- [WHAT TO PRODUCE] All the data below goes into the copy word for word, but the pictures don't.
### DATA RECORDS ###
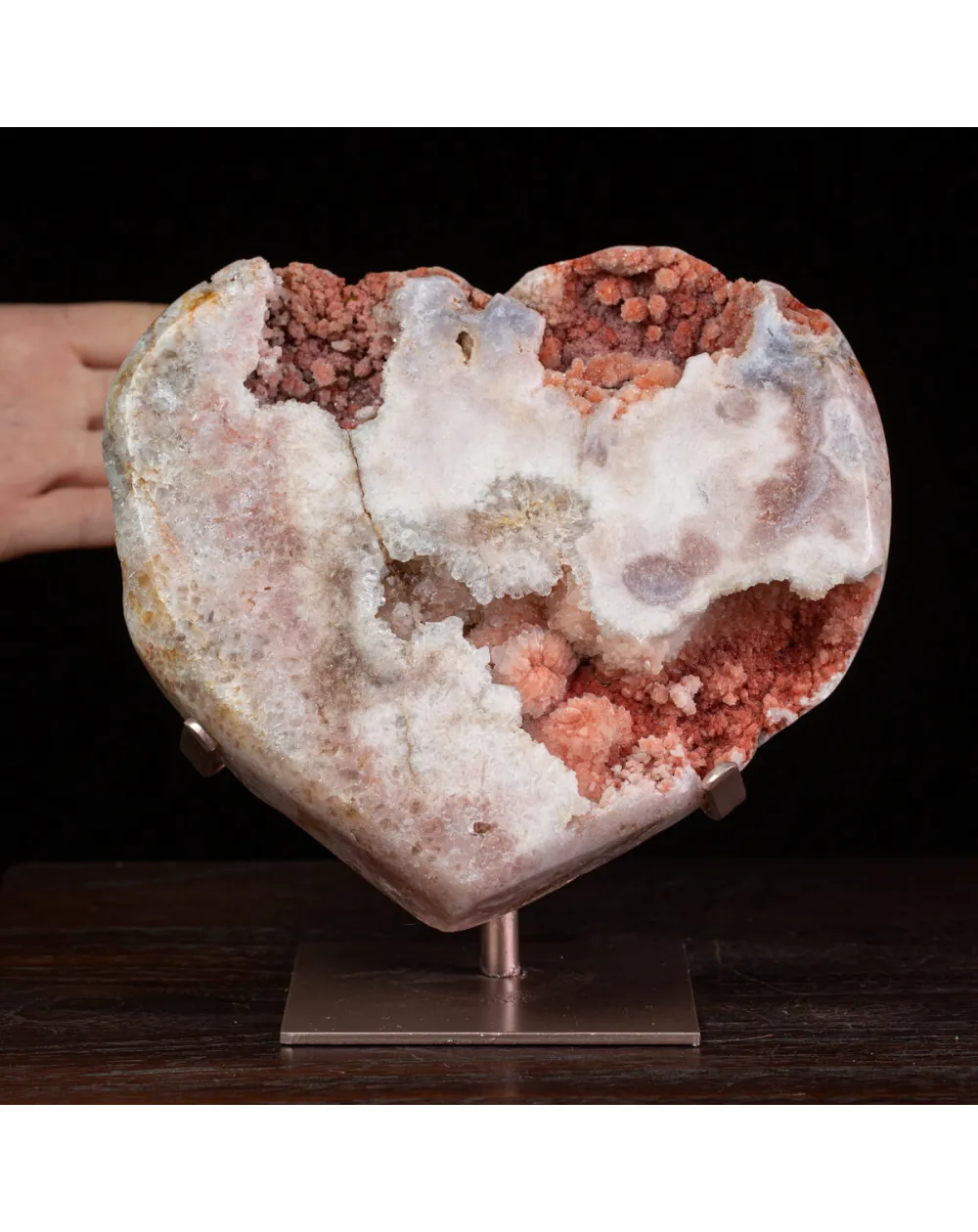 Cuore di Ametista Rosa: La Bellezza Naturale dei Cristalli.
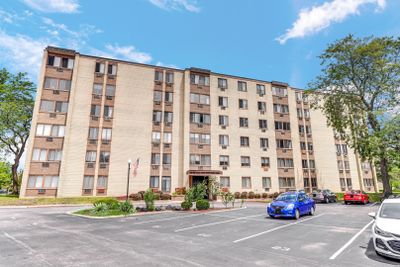 502 - 9725 S Karlov Avenue, Condo with 2 bedrooms, 1 bathrooms and 1 parking in Oak Lawn IL | Image 1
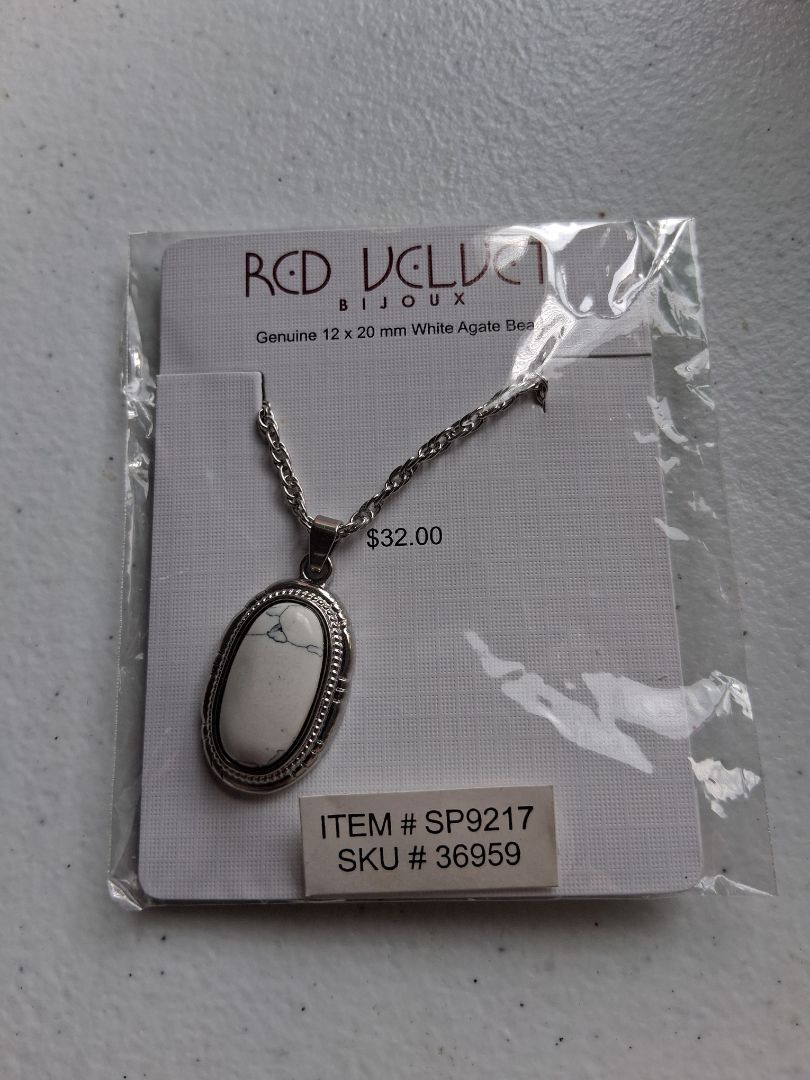 White Red velvet White agate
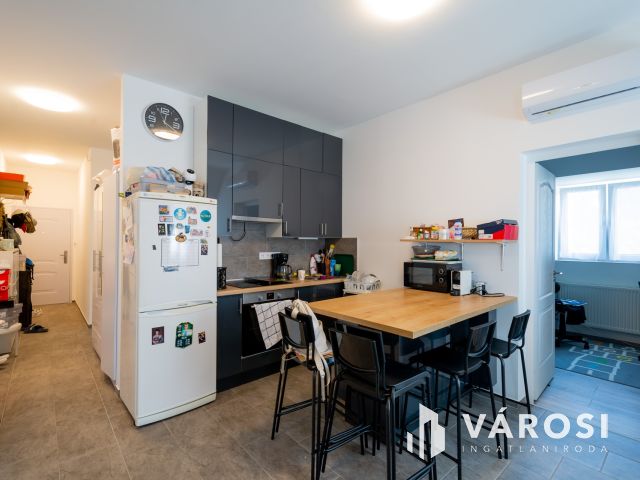 Eladó társasház Gödön: 4 üzlet + 3 lakás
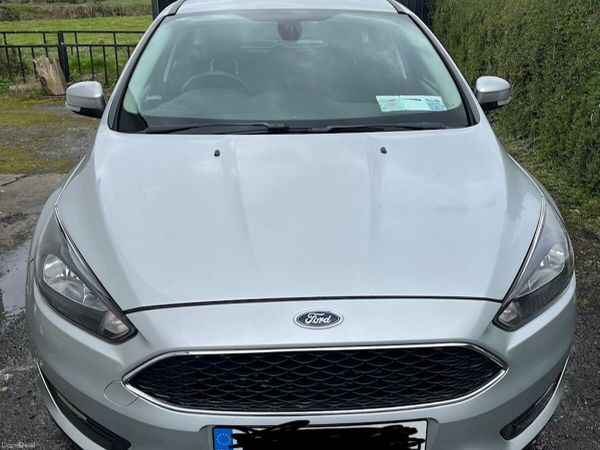 Ford Focus Hatchback, Petrol, 2015, Silver
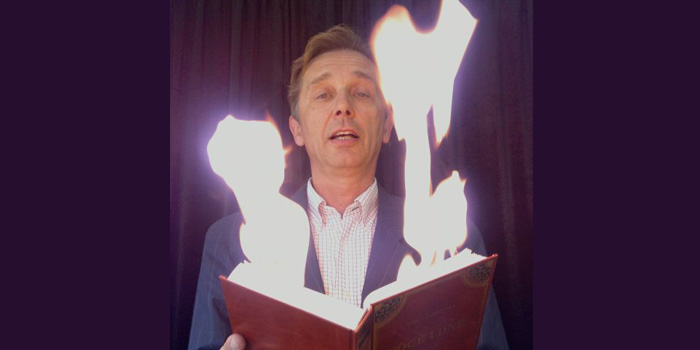 Płonąca księga (Burning book)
###
- [OUTPUT FOR THIS TASK]
 Cuore di Ametista Rosa: La Bellezza Naturale dei Cristalli.
 502 - 9725 S Karlov Avenue, Condo with 2 bedrooms, 1 bathrooms and 1 parking in Oak Lawn IL | Image 1
 White Red velvet White agate
 Eladó társasház Gödön: 4 üzlet + 3 lakás
 Ford Focus Hatchback, Petrol, 2015, Silver
 Płonąca księga (Burning book)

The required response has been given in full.